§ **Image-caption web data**
BEGIN
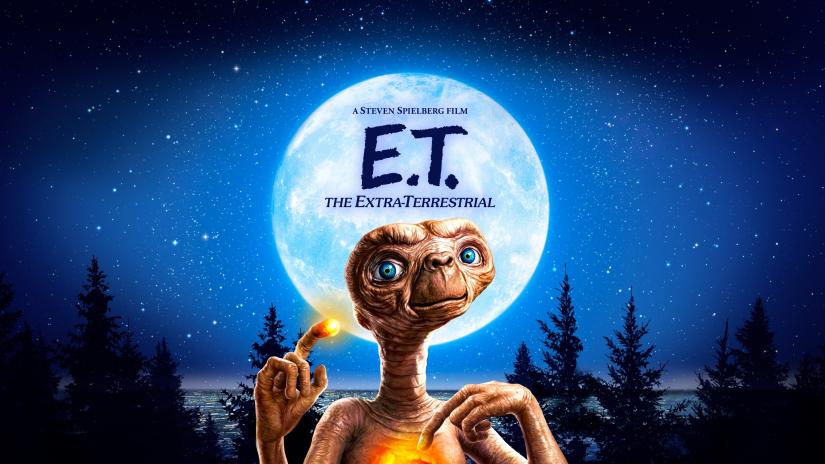 E.T. (E.T. the Extra-Terrestrial) izlemek için tıklayınız.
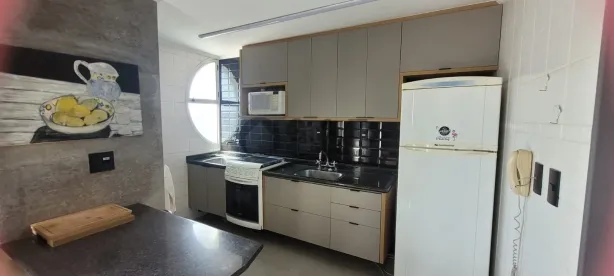 Apartamento com 1 Quarto para alugar, 90m² no Parque Campolim, Sorocaba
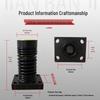 Hydraulic Shearing Machine Hold-Down Cylinder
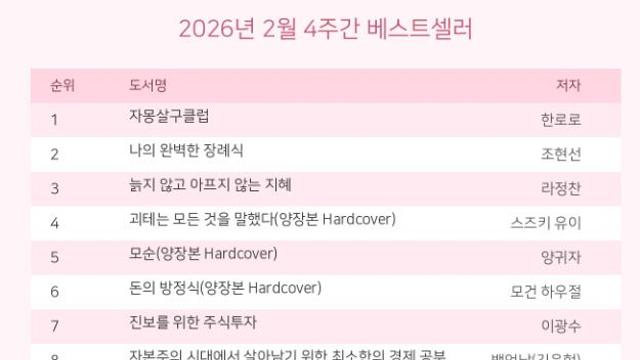 ‘자몽살구클럽’ 2주 연속 1위…영화·OTT 영향에 고전 역주행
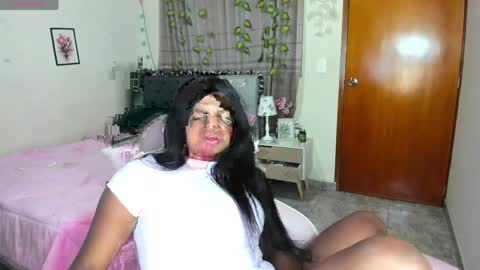 Daniela online show from April 9, 2:55 am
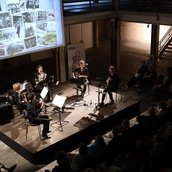 Kammerkonzert im Kühlhaus Berlin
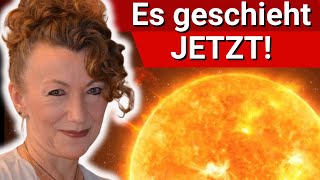 Dringende Botschaft Heftige Sonnenfinsternis steht bevor [upl. by Attirehs]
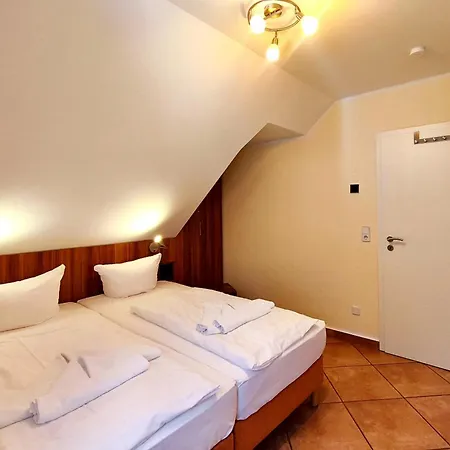 Kuestenwaldhaus Seepferdchen Lejlighed *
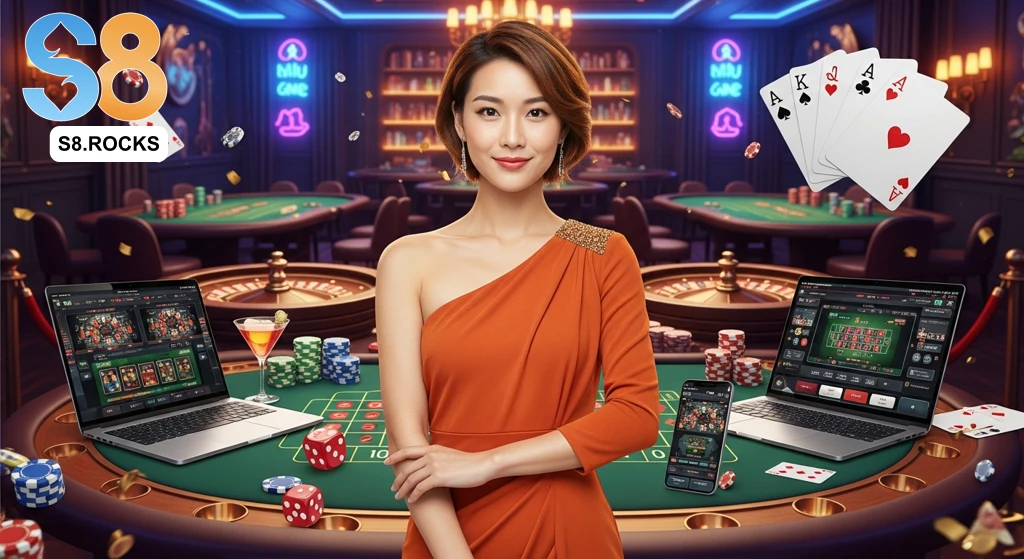 Xác nhận giao dịch và chờ hệ thống S8 hoàn tất nạp tiền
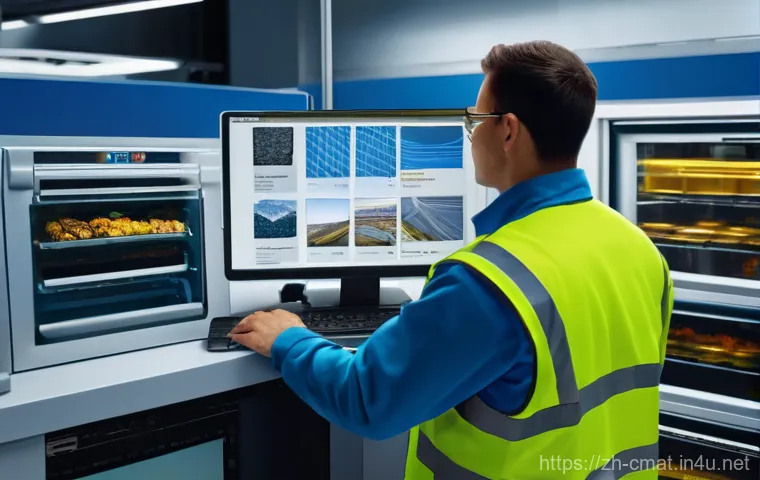 건설재료시험 기술자의 자기계발 전략 - Here are three image generation prompts in English, designed to be detailed and adhere strictly to t...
END
§ **TASK INSTRUCTIONS**
Output all of the entries once more, word for word, with the images removed.

§ **ANSWER BELOW**
 E.T. (E.T. the Extra-Terrestrial) izlemek için tıklayınız.
 Apartamento com 1 Quarto para alugar, 90m² no Parque Campolim, Sorocaba
 Hydraulic Shearing Machine Hold-Down Cylinder
 ‘자몽살구클럽’ 2주 연속 1위…영화·OTT 영향에 고전 역주행
 Daniela online show from April 9, 2:55 am
 Kammerkonzert im Kühlhaus Berlin
 Dringende Botschaft Heftige Sonnenfinsternis steht bevor [upl. by Attirehs]
 Kuestenwaldhaus Seepferdchen Lejlighed *
 Xác nhận giao dịch và chờ hệ thống S8 hoàn tất nạp tiền
 건설재료시험 기술자의 자기계발 전략 - Here are three image generation prompts in English, designed to be detailed and adhere strictly to t...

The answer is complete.